The thing about exclusive clubs in Los Angeles is they’re not just about luxury—though yeah, the luxury is ridiculous. They’re about access. Real access. The kind where a conversation at the bar can turn into an introduction that changes your entire arrangement trajectory.


But here’s what nobody tells you: getting in is actually the easy part. What’s hard is understanding how these spaces actually function for sugar dating, what works, what doesn’t, and how to navigate them without looking like you just wandered off a tour bus.
After five years of arrangements that started or evolved through LA’s members-only scene—from Soho House to The Academy to places I literally can’t name because of NDAs—I’ve learned exactly what makes these venues work for elite sugar connections.

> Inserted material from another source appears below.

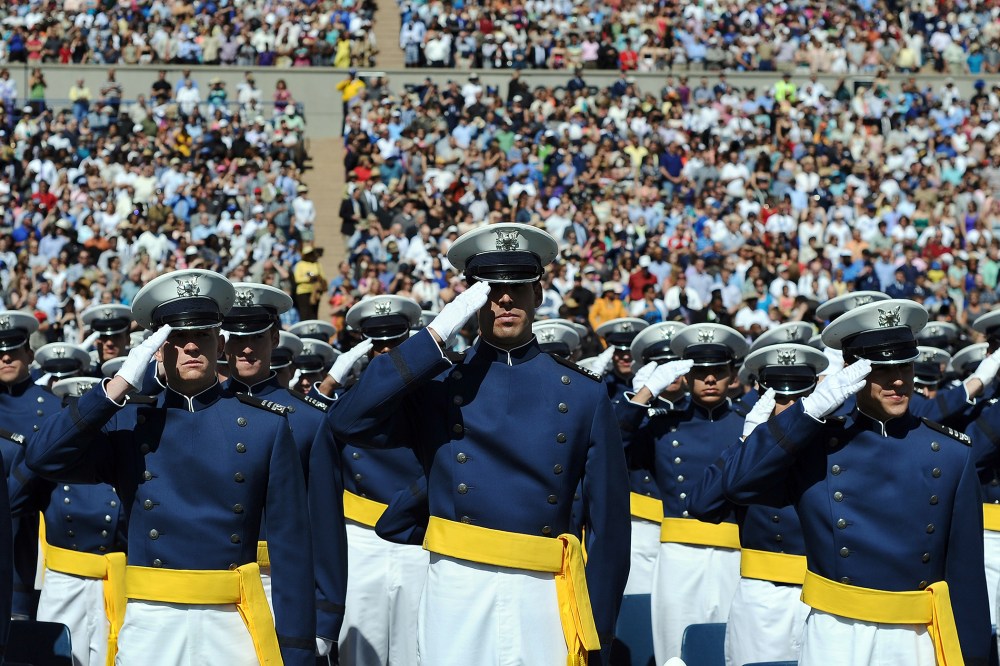 US Air Force cadets salute during the commencement address at the US Air Force Academy in Colorado Springs, Colo., on May 23, 2012. (Photo by Jewel Samad/AFP/Getty)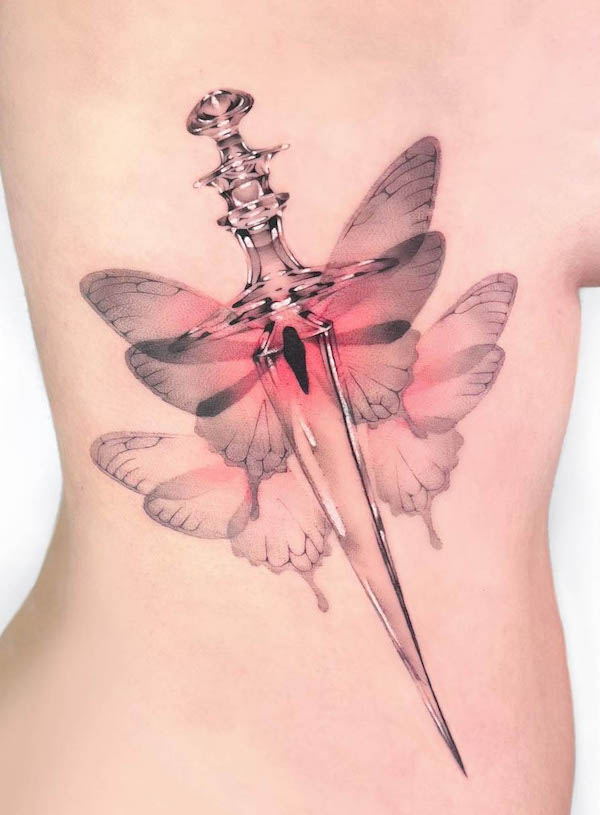 Crystal butterfly dagger tattoo by @arte.perdura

And more importantly, what makes them absolutely backfire.
Why These Clubs Actually Matter for Arrangements
So here’s the deal with members-only clubs in LA: they solve the discretion problem that most sugar babies don’t even realize they have.
When you’re meeting someone at, say, Catch LA or Republique, you’re in public. Fully public. Which means his business associate might walk by, or your roommate’s coworker, or literally anyone with an iPhone and a social media account. In a city where everyone is three degrees from everyone else, that visibility creates risk—for both of you.
Members-only clubs eliminate that. Not because they’re secretive (they’re not), but because everyone there is already operating in the same discretion-valued ecosystem. The guy I mentioned earlier? He specifically chose Soho House because he knew nobody there would care, ask questions, or pull out their phone. That’s the culture.
But where I see women mess this up—and I did this too, initially—is thinking the club itself is the prize. It’s not. The club is a tool. It’s a venue that removes friction so you can focus on what actually matters: building a genuine connection with someone who has the resources and interest to support a real arrangement.
According to anthropologist Wednesday Martin, author of Primates of Park Avenue, exclusive social spaces throughout history have functioned as “marketplaces for social capital where relationships are formed, tested, and solidified away from broader societal scrutiny.” That’s exactly what’s happening here—you’re just being way more intentional about it.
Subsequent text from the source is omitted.